ALESSANDRIA – “Il taser non è un assassino”. Mentre il Comune di Alessandria a breve lo adotterà per la Polizia Locale, il sindacato Siulp (Sindacato Italiano Unitario Lavoratori Polizia, ndr) ha difeso l’arma a impulsi elettrici, già nella dotazione degli agenti delle Volanti, della Polizia Ferroviaria e della Stradale. La segreteria provinciale del Siulp ha definito questa strumentazione “uno scudo silenzioso”.C’è un’Italia che legge i titoli dei giornali e si scandalizza. E ce n’è un’altra che vive le strade, le pattuglie, le stazioni, e conosce la fatica di fermare chi ha perso il lume della ragione. A Olbia, il 16 agosto scorso, un uomo è morto dopo un intervento dei Carabinieri. Per giorni l’opinione pubblica ha gridato al “delitto del Taser”. Poi è arrivata l’autopsia, che ha chiarito: a stroncarlo non è stata la scarica elettrica, ma un cuore già logorato, una cardiopatia grave, con complicazioni cerebrali. Il taser, insomma, non c’entra. Ma il clamore resta”.

Secondo il sindacato Siulp “si preferisce il processo alle intenzioni, anziché la verità dei fatti. Eppure il taser è stato introdotto in Italia proprio per rispondere a un’urgenza reale, non immaginaria. Nel 2018 partì la sperimentazione in dodici città pilota, da Milano a Catania, da Brindisi a Palermo. Era la risposta a un dato allarmante: oltre 2.600 aggressioni a operatori di polizia in un solo anno, quasi sette al giorno. Poliziotti e Carabinieri mandati all’ospedale, costretti a misurarsi a mani nude o con strumenti inadeguati di fronte a soggetti armati di coltelli, bottiglie, bastoni. La sperimentazione funzionò. Tanto che nel 2022 l’arma venne progressivamente distribuita alle Questure e ai reparti di Polizia Ferroviaria e Stradale”.

La segreteria provinciale del Siulp ha anche rimarcato, però, che gli agenti della Polstrada ancora non possono utilizzare il taser nella viabilità ordinaria: “Gli equipaggi devono far fronte a situazioni di rischio senza la disponibilità immediata di questo strumento. La cronaca locale ce lo ricorda: risse in piazza Gobetti, aggressioni nella stazione di Alessandria, interventi su soggetti alterati in corso Roma o in piazza Garibaldi. Episodi che fanno notizia per un giorno, ma che per chi indossa la divisa sono il pane quotidiano. In ognuno di questi casi il taser è – o sarebbe stato – la via d’uscita più sicura: un colpo di luce e di suono che spesso basta a dissuadere, senza nemmeno dover premere il grilletto”. 
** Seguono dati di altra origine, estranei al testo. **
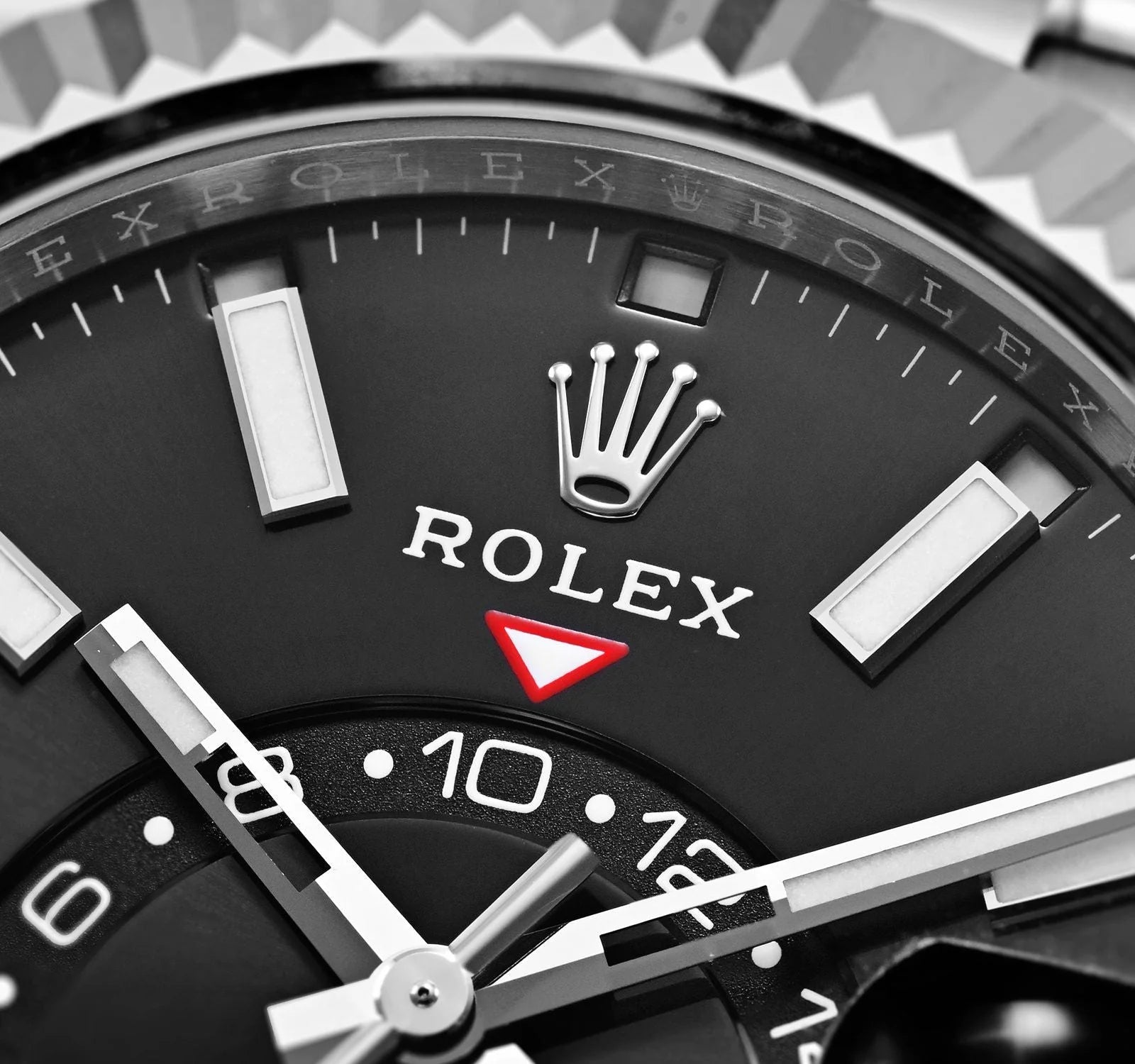 Rolex Sky Dweller Noir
“In tutto il mondo, dagli Stati Uniti al Regno Unito, dalla Francia al Canada, il taser è considerato un’arma a bassa letalità, strumento di de-escalation. Uno studio pubblicato dal National Institute of Justice americano ha dimostrato che, su decine di migliaia di utilizzi, il rischio di decesso diretto è inferiore allo 0,1% e correlato quasi sempre a condizioni mediche pregresse o all’uso di sostanze stupefacenti. In Francia, dal 2007 a oggi, il taser ha permesso a migliaia di agenti di neutralizzare soggetti armati senza dover sparare un colpo d’arma da fuoco. Chi oggi grida al “Taser killer” dimentica che in Italia – e anche ad Alessandria – senza questo strumento ci sono stati colleghi costretti a reagire con l’arma d’ordinanza, con esiti drammatici. Un proiettile non fa sconti. Una scarica di taser, invece, concede sempre una seconda possibilità”.

E tuttavia, non possiamo nascondere una criticità che riguarda anche la nostra provincia: la formazione. I corsi di abilitazione sono stati distribuiti con il contagocce, con numeri ridotti e scaglionamenti che spesso non garantiscono la presenza, per ogni pattuglia, di almeno un operatore formato. Un deficit che rischia di trasformare lo strumento in un lusso anziché in una risorsa quotidiana. Serve uno sforzo maggiore, serve un investimento più deciso, perché la sicurezza non può dipendere dal caso. E allora, quale sarebbe la vera tortura? Privare i cittadini e gli operatori di uno strumento che riduce i rischi e salva vite, oppure lasciarli esposti al ricorso immediato alle armi da fuoco? Il caso di Olbia, lungi dall’essere una condanna, è la conferma che la polemica va tenuta fuori dalle aule dei tribunali e dalle cronache: la scienza medica ha già detto che il taser non ha ucciso. L’unica arma che ha fatto vittime, ancora una volta, è il pregiudizio”.